CNH: Coupled Natural-Human Systems and Emerging Infectious Diseases

Previous research suggests that infectious disease outbreaks are associated with environmental changes such as urbanization, agricultural change, and natural habitat alterations that occur as societies evolve. Studying the role of societal development in disease transmission is urgent and critical for improving the prediction and control of disease. This project will examine how the outbreak of highly pathogenic avian influenza (HPAI) in Vietnam varies across traditional settings (customary agricultural practices and housing), modern settings (agricultural modernization and industrial cities), and transitional settings (chaos of in-between). The objectives of this research are to: (1) test a model of relationships between human-caused environmental transformations and the emergence and reemergence of infectious diseases in Vietnam; (2) examine the influence of socio-ecological and socio-psychological variables on individuals' perceptions of and responses to the risk of HPAI in traditional, transitional, and modern communes; (3) integrate the research with education and training programs at the University of Hawaii, the East-West Center, and the Hanoi University of Agriculture in Vietnam; (4) establish new collaborations among scientists from multiple disciplines and among U.S. academic institutions, industry, government, and international partners from countries in the Asia-Pacific region. Because complexity is scale sensitive the project will collect and analyze data at national, commune, and household scales. The methods to be used include field observations, face-to-face interviews, geographical information systems, remote sensing, global positioning systems, and statistical tools.

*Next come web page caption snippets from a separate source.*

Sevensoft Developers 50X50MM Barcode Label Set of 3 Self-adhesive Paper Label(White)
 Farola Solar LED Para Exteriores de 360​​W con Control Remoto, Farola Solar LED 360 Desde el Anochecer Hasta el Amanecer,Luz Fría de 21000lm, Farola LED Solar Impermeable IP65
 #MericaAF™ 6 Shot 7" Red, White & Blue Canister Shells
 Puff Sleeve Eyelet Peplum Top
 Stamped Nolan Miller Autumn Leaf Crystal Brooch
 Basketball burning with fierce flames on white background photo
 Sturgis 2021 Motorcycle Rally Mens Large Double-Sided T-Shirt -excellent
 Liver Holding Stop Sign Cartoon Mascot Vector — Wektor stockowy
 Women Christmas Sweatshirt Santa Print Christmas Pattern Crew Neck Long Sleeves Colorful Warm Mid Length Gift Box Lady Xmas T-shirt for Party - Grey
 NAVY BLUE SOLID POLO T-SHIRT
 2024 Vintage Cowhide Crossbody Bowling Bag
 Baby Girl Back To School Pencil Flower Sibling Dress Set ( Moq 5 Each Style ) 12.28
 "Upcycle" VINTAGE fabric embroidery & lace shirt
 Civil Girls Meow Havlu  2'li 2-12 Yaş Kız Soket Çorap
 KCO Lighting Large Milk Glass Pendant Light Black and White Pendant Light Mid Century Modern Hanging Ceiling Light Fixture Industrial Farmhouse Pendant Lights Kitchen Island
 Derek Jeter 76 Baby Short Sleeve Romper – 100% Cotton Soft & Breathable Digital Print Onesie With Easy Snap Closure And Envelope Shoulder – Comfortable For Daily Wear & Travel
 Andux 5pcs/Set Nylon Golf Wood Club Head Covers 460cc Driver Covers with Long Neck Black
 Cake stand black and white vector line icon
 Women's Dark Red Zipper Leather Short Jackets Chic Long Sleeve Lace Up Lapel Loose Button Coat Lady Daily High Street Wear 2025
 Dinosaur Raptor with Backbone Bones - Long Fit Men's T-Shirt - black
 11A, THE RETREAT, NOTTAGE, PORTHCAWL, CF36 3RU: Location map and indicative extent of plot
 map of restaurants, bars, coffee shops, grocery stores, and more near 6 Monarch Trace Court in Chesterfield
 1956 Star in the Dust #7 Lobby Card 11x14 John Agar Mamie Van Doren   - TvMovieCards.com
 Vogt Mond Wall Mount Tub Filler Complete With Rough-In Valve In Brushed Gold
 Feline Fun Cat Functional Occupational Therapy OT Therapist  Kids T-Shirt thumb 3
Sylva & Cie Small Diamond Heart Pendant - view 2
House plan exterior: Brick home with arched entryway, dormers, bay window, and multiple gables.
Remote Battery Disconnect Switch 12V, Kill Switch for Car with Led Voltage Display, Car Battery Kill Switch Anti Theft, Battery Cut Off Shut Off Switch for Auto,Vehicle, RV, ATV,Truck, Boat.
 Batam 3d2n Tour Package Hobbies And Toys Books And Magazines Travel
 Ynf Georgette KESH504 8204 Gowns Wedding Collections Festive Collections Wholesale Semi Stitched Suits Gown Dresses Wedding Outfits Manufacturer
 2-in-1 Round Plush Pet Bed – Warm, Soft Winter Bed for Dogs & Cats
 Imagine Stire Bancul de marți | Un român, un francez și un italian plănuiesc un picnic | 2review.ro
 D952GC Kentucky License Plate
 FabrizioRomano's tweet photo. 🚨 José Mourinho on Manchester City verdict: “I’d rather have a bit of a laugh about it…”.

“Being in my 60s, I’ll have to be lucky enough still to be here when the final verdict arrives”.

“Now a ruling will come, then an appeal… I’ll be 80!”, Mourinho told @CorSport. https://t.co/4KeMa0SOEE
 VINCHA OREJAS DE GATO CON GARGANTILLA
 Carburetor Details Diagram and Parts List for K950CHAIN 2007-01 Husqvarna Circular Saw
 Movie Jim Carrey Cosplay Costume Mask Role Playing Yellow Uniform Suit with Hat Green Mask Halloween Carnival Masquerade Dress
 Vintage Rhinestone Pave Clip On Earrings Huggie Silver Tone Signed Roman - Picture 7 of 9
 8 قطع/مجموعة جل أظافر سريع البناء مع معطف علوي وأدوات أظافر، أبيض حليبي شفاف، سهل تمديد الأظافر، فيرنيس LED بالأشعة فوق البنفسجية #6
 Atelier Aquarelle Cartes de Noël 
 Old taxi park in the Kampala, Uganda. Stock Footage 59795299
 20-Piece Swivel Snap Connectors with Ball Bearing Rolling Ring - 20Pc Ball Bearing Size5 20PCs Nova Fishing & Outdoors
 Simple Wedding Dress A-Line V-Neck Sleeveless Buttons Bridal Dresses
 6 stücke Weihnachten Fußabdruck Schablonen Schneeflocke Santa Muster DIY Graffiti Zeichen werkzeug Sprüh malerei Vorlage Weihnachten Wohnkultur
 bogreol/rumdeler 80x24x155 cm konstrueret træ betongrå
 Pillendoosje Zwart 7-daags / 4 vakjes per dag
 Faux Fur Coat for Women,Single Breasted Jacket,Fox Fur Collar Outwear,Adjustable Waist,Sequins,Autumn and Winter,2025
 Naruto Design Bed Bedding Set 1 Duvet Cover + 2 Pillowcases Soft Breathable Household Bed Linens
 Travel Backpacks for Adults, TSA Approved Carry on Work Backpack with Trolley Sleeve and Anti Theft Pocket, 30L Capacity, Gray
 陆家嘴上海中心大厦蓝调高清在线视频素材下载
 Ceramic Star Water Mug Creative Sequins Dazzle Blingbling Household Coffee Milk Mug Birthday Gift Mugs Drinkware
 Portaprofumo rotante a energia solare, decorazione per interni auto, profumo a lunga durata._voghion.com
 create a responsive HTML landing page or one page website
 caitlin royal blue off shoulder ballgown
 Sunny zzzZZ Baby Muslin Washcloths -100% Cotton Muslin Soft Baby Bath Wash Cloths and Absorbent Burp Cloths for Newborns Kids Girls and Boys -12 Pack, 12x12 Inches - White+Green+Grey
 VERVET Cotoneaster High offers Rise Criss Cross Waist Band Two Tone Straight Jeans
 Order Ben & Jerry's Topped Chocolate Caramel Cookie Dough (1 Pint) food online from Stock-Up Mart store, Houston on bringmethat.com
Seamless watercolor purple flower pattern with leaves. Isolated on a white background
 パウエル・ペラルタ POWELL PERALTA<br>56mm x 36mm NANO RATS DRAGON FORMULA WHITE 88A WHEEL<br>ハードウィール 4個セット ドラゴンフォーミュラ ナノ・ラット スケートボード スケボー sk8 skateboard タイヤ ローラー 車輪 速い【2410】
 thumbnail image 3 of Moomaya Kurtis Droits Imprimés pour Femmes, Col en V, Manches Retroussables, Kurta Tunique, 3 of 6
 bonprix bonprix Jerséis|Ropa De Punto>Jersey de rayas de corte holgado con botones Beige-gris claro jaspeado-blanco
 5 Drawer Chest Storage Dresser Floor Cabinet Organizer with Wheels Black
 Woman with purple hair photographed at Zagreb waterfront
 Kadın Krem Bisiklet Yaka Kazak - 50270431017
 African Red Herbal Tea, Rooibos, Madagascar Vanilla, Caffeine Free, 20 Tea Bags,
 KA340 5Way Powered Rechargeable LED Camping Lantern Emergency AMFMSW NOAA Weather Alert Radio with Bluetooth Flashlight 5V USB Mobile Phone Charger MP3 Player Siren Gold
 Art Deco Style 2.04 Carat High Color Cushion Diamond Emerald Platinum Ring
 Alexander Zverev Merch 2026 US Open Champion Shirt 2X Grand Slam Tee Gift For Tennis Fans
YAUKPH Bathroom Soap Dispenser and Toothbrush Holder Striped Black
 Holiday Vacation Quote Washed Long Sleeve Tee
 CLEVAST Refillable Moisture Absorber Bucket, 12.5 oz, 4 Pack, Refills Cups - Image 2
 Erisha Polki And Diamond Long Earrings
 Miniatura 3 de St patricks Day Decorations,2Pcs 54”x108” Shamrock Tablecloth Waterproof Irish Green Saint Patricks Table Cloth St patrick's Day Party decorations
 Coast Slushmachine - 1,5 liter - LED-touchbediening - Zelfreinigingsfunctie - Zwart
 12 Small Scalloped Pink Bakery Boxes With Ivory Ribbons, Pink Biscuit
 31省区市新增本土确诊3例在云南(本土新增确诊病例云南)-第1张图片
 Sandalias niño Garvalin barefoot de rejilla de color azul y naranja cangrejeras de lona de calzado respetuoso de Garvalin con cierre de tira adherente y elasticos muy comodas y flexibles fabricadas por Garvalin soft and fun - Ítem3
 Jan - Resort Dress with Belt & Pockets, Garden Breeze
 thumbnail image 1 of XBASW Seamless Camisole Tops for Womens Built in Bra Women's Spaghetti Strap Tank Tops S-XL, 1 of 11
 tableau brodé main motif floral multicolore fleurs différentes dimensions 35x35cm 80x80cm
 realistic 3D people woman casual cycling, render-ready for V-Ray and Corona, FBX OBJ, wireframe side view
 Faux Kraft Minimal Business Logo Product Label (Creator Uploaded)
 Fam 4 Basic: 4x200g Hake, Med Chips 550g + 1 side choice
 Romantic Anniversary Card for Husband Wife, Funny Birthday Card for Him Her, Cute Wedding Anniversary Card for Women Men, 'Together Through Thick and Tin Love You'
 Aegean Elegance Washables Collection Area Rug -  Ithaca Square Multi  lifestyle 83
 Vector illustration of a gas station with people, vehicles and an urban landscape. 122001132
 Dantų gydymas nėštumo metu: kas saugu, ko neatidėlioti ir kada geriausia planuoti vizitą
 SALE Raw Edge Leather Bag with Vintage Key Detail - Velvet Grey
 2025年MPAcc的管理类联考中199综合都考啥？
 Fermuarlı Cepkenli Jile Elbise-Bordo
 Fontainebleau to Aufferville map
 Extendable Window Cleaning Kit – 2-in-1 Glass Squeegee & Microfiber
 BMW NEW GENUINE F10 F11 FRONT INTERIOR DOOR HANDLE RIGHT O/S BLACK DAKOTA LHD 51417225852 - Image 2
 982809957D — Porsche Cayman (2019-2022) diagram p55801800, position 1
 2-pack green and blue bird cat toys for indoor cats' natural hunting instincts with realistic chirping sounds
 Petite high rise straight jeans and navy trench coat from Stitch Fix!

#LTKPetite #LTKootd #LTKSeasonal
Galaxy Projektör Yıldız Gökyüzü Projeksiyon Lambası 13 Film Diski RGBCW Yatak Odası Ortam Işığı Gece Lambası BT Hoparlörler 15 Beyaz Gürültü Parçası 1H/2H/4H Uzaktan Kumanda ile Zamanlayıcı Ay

The project has significant theoretical, methodological, and practical implications. Developing basic principles and methods for understanding the complex interactions within and among natural and human systems at multiple spatial scales will help to elucidate the mechanisms underlying the emergence of new and reemerging infectious diseases. The outputs will enhance the capabilities of researchers, practitioners, and policy makers at local, national, and regional levels. The work will provide useful insights for designing policies for preventing and managing infectious disease outbreaks in Vietnam and other developing nations. Several graduate students will be mentored and trained in this interdisciplinary research project.